(Dataset records)

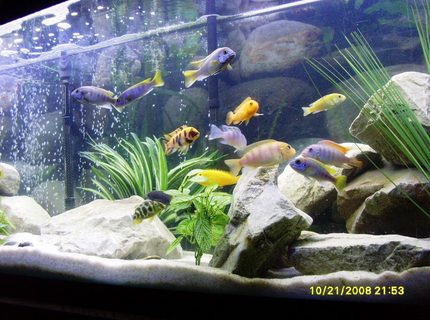 freshwater fish - pseudotropheus acei - acei cichlid stocking in 55 gallons tank - Colors! freshwater fish - pseudotropheus acei - acei cichlid stocking in 55 gallons tank - Colors!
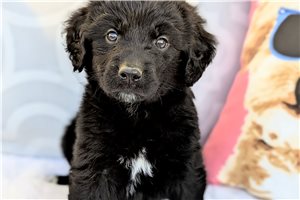 Natalie - Aussiedoodle for sale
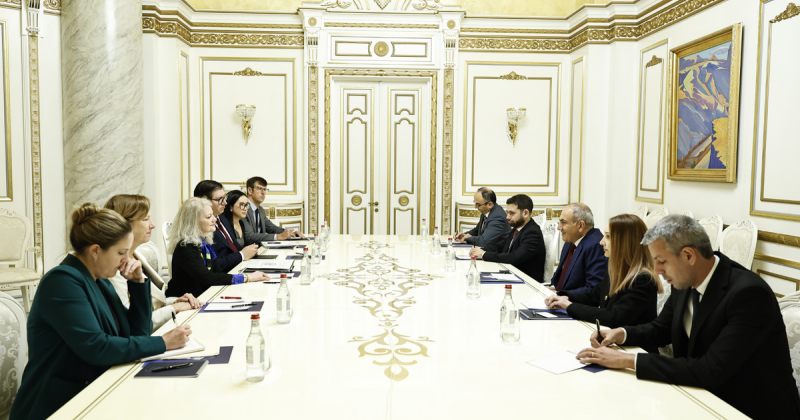 ერევანში აშშ-ს სახელმწიფო მდივნის მოადგილე და ფაშინიანი შეხვდნენ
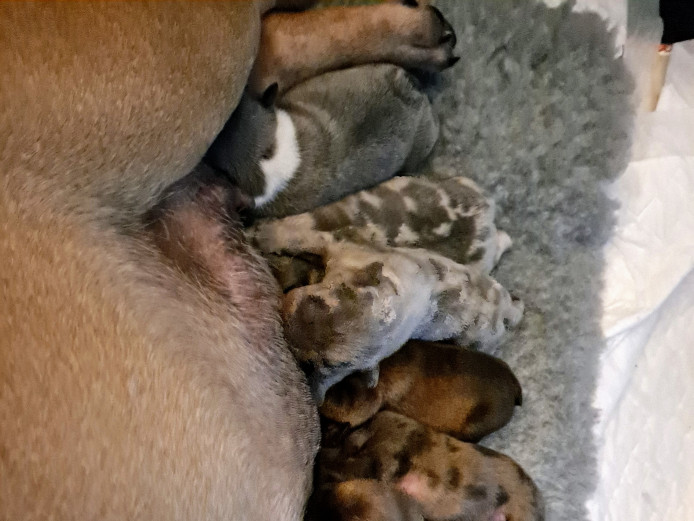 Born on the 2nd May stunning mixed litter 7 boys 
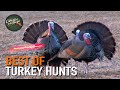 50 gobblers in 9 minutes ultimate turkey hunting compilation  best of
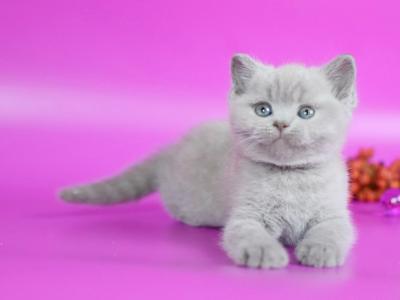 Diamond - British Shorthair - Gallery Photo #1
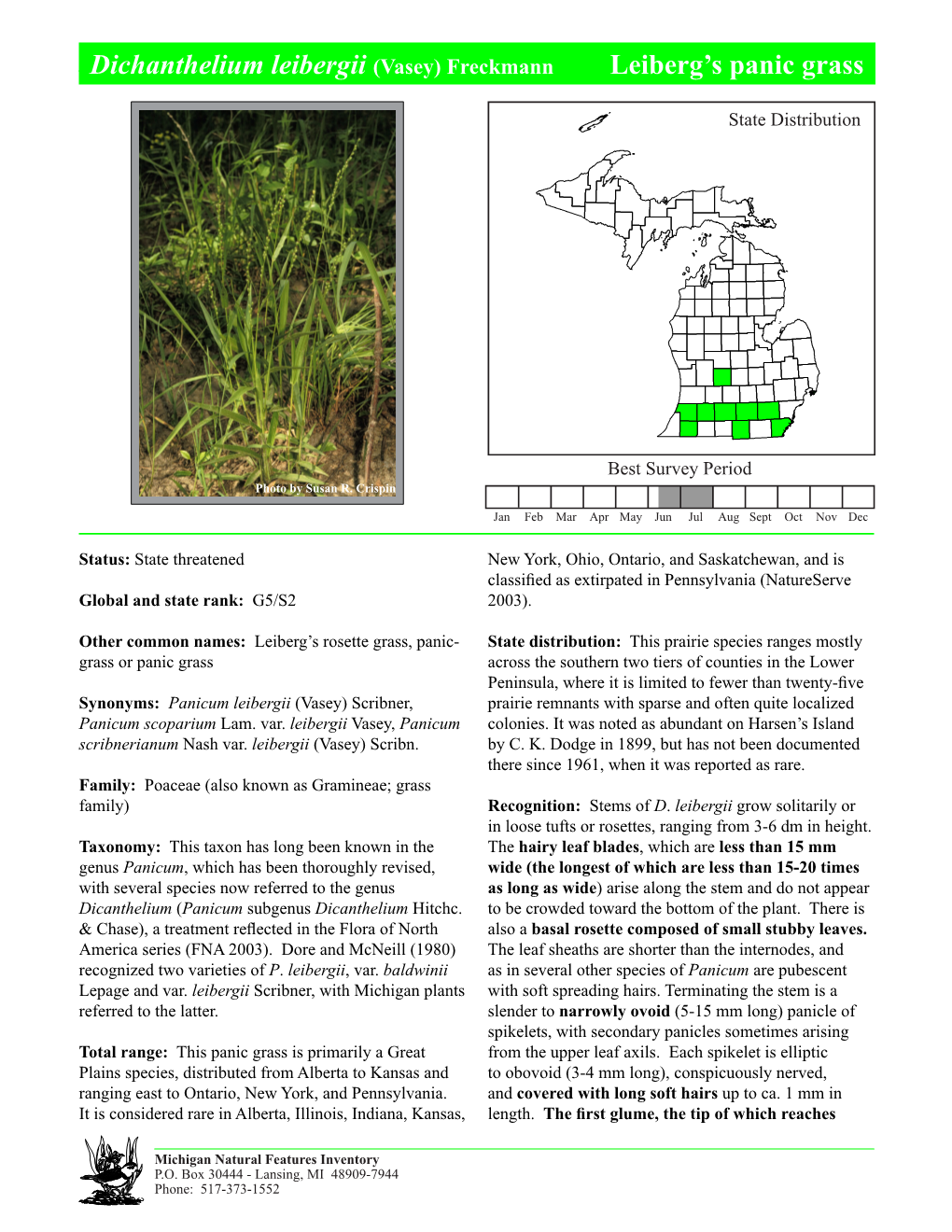 Dichanthelium Leibergii (Vasey) Freckmann Leiberg’S Panic Grass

**WHAT YOU NEED TO DO:** Take the lines from the one holding "Diamond - British" through the last line of the data above and copy them exactly, both ends included, omitting all pictures.

**TASK ANSWER:**
 Diamond - British Shorthair - Gallery Photo #1
 Dichanthelium Leibergii (Vasey) Freckmann Leiberg’S Panic Grass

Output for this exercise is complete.